Examples of the types of formation characteristics that can be
determined using these types of devices include: determination,
from deep three-dimensional electromagnetic measurements, of
distance and direction to faults or deposits, such as salt domes or
hydrocarbons; determination, from acoustic shear and/or
compressional wave speeds and/or wave attenuations, of formation
porosity, permeability, and/or lithology; determination of
formation anisotropy from electromagnetic and/or acoustic
measurements; determination, from attenuation and frequency of a
rod or plate vibrating in a fluid, of formation fluid viscosity
and/or density; determination, from resistivity and/or nuclear
magnetic resonance (NMR) measurements, of formation water
saturation and/or permeability; determination, from count rates of
gamma rays and/or neutrons at spaced detectors, of formation
porosity and/or density; and determination, from electromagnetic,
acoustic and/or nuclear measurements, of formation bed
thickness.
[0035] In one implementation, the measurements obtained by logging
device 100 may include well facies data in the well logs (facies
logs). Facies logs may indicate the absolute presence or absence of
a targeted facies at different spatial locations. Targeted facies
may include channels, levees, crevasses, shale background and the
like.
[0036] FIG. 2 illustrates a flow diagram of a method 200 for
generating a facies probability cube in accordance with
implementations of various techniques described herein. In one
implementation, method 200 may be performed by a computer
application.

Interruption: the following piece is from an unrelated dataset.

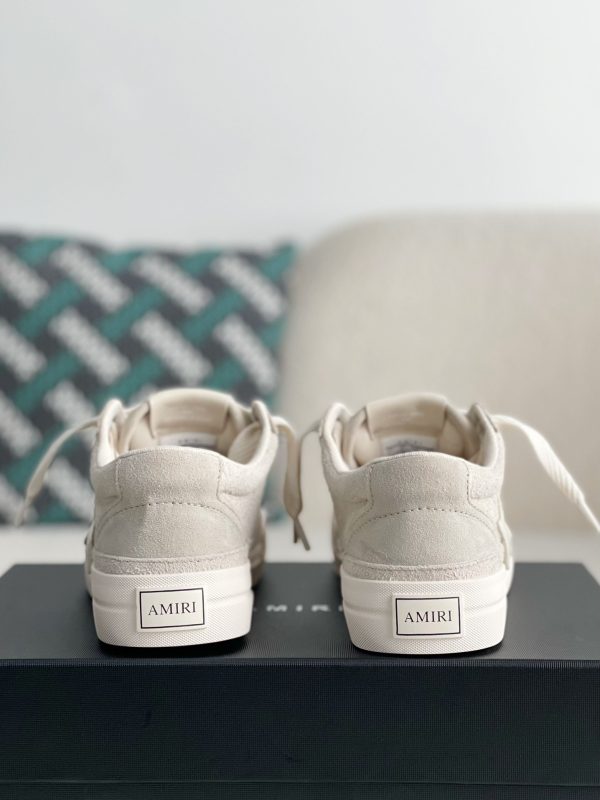 ¡¸#3221¡¹Amiri Sneakers - Image 3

The following description of method 200 is made with
reference to method 500 of FIG. 5 and diagram 1500 of FIG. 15. It
should be understood that while method 200 indicates a particular
order of execution of the operations, in some implementations,
certain portions of the operations might be executed in a different
order.
[0037] At step 210, the computer application may receive well
facies data from well facies logs. Well facies logs may be well
logs that have been acquired at various locations in a survey area
such as boreholes and the like, as described above with reference
to FIG. 1. Well facies logs may indicate the absolute presence or
absence of a targeted facies at different spatial locations. An
example of well facies data is provided in FIG. 9.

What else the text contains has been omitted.